Can you imagine somebody trying to do that? The mind has to try to make it so that everything you say is said the right way, taken the right way, and has the right effect on everybody. It has to make sure that everything you do is interpreted and seen the right way, and that nobody does anything that hurts you. It has to make sure that you get everything you want, and that you don’t ever get what you don’t want. The mind is constantly trying to give you advice about how to make it all okay. That’s why the mind is so active; you gave it an impossible task to do. It’s equivalent to expecting your body to lift trees and scale mountains in a single jump. Your body would get sick if you kept trying to make it do things it was incapable of doing. This is what has broken the psyche. The signs of the body breaking are pain and weakness. The signs of the psyche breaking are underlying fear and incessant neurotic thought.
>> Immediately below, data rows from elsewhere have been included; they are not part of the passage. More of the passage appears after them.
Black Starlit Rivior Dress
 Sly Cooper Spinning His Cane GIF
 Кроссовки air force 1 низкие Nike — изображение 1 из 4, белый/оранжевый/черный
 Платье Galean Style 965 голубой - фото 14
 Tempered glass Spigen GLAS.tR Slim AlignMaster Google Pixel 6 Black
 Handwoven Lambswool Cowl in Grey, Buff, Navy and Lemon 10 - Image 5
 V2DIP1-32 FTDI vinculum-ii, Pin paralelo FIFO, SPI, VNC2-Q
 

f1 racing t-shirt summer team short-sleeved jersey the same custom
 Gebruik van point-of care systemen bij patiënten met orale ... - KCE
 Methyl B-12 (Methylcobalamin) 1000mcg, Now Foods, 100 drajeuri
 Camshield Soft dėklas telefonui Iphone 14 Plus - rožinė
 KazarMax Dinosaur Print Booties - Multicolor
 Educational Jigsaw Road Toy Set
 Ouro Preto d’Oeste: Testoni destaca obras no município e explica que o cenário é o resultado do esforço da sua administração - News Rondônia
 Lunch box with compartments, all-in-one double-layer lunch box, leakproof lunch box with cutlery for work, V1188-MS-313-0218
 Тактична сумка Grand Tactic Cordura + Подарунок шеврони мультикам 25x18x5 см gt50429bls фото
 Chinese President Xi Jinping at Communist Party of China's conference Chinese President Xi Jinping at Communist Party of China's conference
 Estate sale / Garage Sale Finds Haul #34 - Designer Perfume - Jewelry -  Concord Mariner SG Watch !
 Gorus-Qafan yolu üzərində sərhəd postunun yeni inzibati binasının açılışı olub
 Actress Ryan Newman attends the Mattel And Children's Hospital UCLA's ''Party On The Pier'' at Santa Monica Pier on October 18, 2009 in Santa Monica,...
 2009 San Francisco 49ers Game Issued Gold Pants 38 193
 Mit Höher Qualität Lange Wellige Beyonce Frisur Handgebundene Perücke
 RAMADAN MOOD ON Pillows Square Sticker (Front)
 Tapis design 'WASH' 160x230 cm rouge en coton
Today I woke to an absolute flood of terrifying “what if” thoughts. Right away, my mind kicked into high gear, considering all 3,562 ways I was going to fix the world around me to alleviate these fears. But this morning, I did something different. This morning, I had a little sit-down with my mind and said as gently as I could:
“Darling, it’s okay. I know how scared you are and I know you think this will make it all better. It’s okay to feel this way, and it’s okay to want to fix it. I know why you’re doing this, and it’s not your fault. But I just can’t play this game with you. You see, it never helps and eventually makes things worse. If you want to keep thinking about it, that’s okay. I’ll just be sitting over here, watching.”
And then I did just that. I simply watched my mind without participating, listening to it the same way I might listen to my six year old giving me advice on fixing the bathroom sink. I might hear what she has to say, but her words wouldn’t receive the full force of my attention the way they would if a certified plumber were giving me the same information. I essentially told my mind, as gently as I possibly could, “Carry on, dear. But I won’t be taking any of your advice.” And after just a few moments, I physically felt my mind quiet down. My entire body relaxed and the thoughts just disappeared.
You can have a different relationship with your mind. Whenever it starts up telling you what you should and shouldn’t do in order to get the world to match your preconceived concepts, don’t listen… When your mind starts telling you what you have to do to make everything inside okay, don’t buy into what it’s telling you. The truth is, everything will be okay as soon as you are okay with everything. And that’s the only time everything will be okay.